Los rebeldes sirios esperan una intervención militar internacional como en Libia

Mariela Rubio
Manifestantes con una pancarta que dice: “Serguéi Lavrov, ministro de Exteriores de Rusia, no eres bienvenido”, el martes en Damasco.
Manifestantes con una pancarta que dice: “Serguéi Lavrov, ministro de Exteriores de Rusia, no eres bienvenido”, el martes en Damasco. HANDOUT (REUTERS)

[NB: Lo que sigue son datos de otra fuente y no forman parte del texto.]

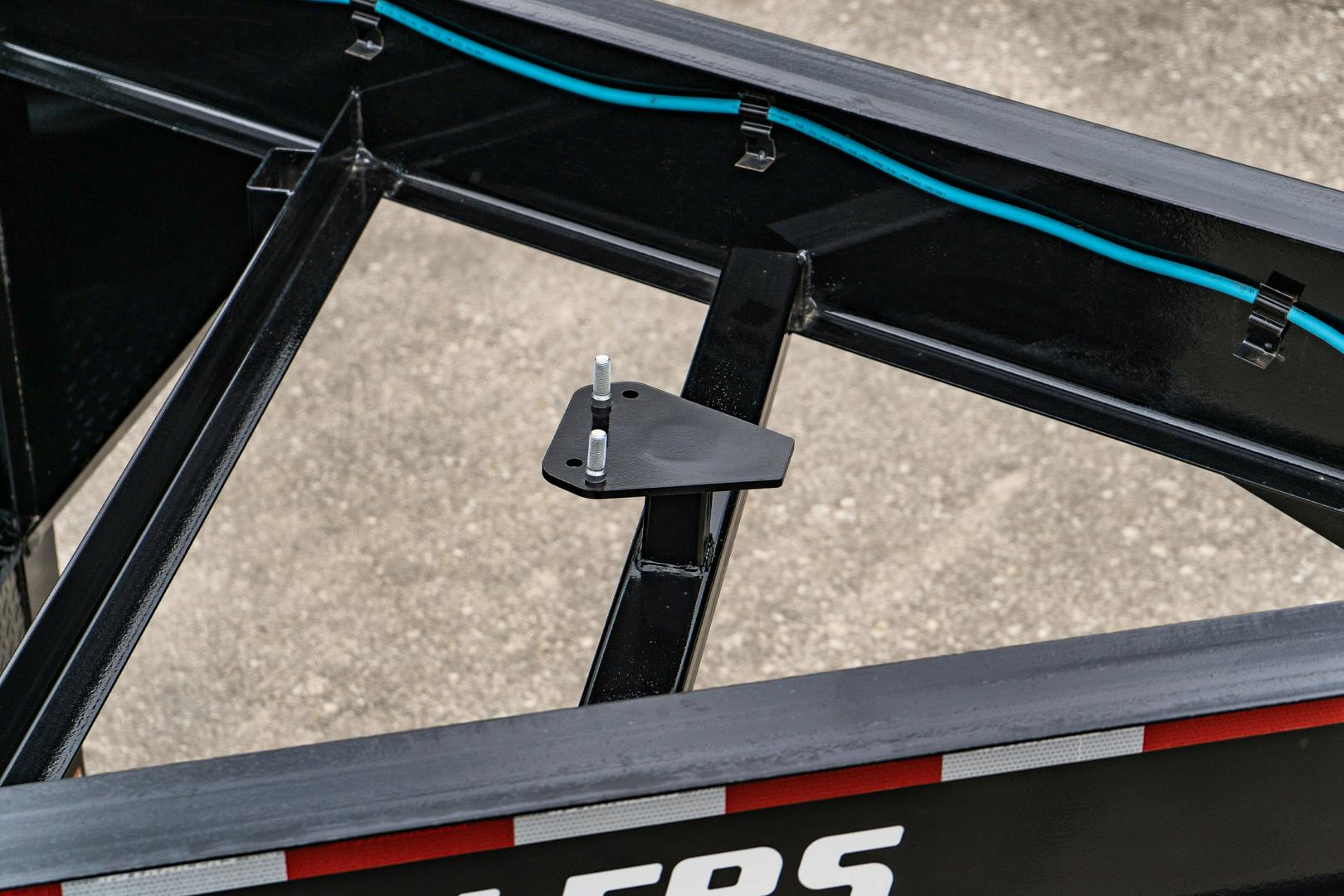 PJ Trailers 14'x83" 18k GN Low Pro Dump Trailer w/ 4' Sides (DX) - Image 8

“Yalla irhal ya Bachar” (es hora de que se vaya Bachar). La pintada, de color rojo sangre, nos avisa de que ya estamos en Saqba, un suburbio de 20.000 habitantes a cinco kilómetros del centro de Damasco. Hasta la semana pasada se encontraba en poder del Ejército Libre de Siria, un conglomerado de desertores y voluntarios de origen diverso que se ha levantado en armas (escasas) contra el régimen que gobierna Siria desde hace 40 años. Un reducto insurgente desde el cual, en un día claro, se divisa sin dificultad el palacio del autócrata.

El control de este barrio a las afueras de la capital es uno de los hitos más notables de los rebeldes sirios —entre 10.000 y 30.000, según fuentes diplomáticas occidentales—, que esgrimen orgullosos sus AK-47 mientras gritan: “¡Y solo con esto, Asad! Con esto y con la ayuda de Dios”. Aparentemente, solo disponen de sus fusiles de asalto para enfrentarse a los carros de combate y la artillería de una de las maquinarias bélicas mejor engrasadas de Oriente Próximo.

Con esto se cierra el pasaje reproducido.